DATA PROVIDED>
>>
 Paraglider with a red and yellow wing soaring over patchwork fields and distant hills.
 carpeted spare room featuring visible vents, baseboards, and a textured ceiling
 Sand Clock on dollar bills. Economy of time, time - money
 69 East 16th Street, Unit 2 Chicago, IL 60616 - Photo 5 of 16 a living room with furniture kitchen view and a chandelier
<<
>>
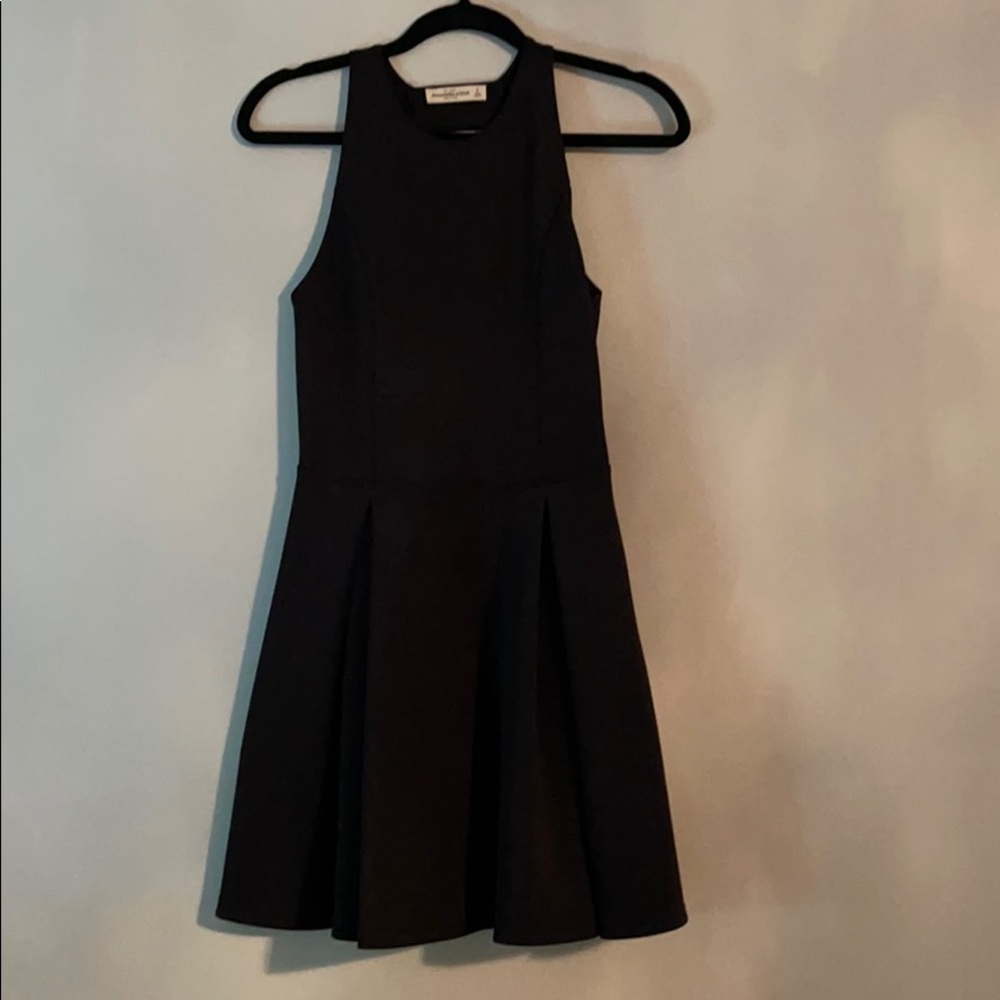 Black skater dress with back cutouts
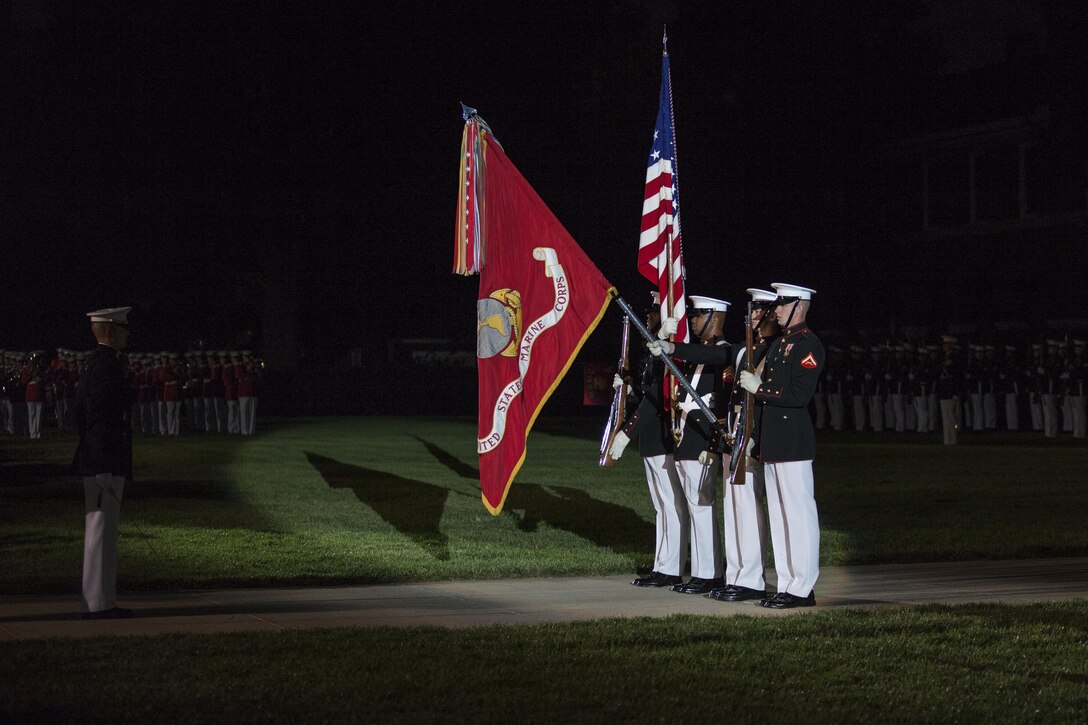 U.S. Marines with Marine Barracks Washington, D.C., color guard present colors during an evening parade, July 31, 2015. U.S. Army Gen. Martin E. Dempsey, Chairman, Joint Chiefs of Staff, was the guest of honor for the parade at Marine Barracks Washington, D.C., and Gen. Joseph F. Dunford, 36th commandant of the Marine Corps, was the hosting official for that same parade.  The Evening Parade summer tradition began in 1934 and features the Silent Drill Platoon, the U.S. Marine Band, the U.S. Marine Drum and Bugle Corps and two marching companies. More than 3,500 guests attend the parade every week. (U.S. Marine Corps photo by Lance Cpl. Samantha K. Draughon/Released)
<<
WHAT THE EXERCISE ASKS> Using the entries above, output exactly the lines between the line holding "carpeted spare room" and the line holding "69 East 16th", end lines included, and nothing more.

RESPONSE>
 carpeted spare room featuring visible vents, baseboards, and a textured ceiling
 Sand Clock on dollar bills. Economy of time, time - money
 69 East 16th Street, Unit 2 Chicago, IL 60616 - Photo 5 of 16 a living room with furniture kitchen view and a chandelier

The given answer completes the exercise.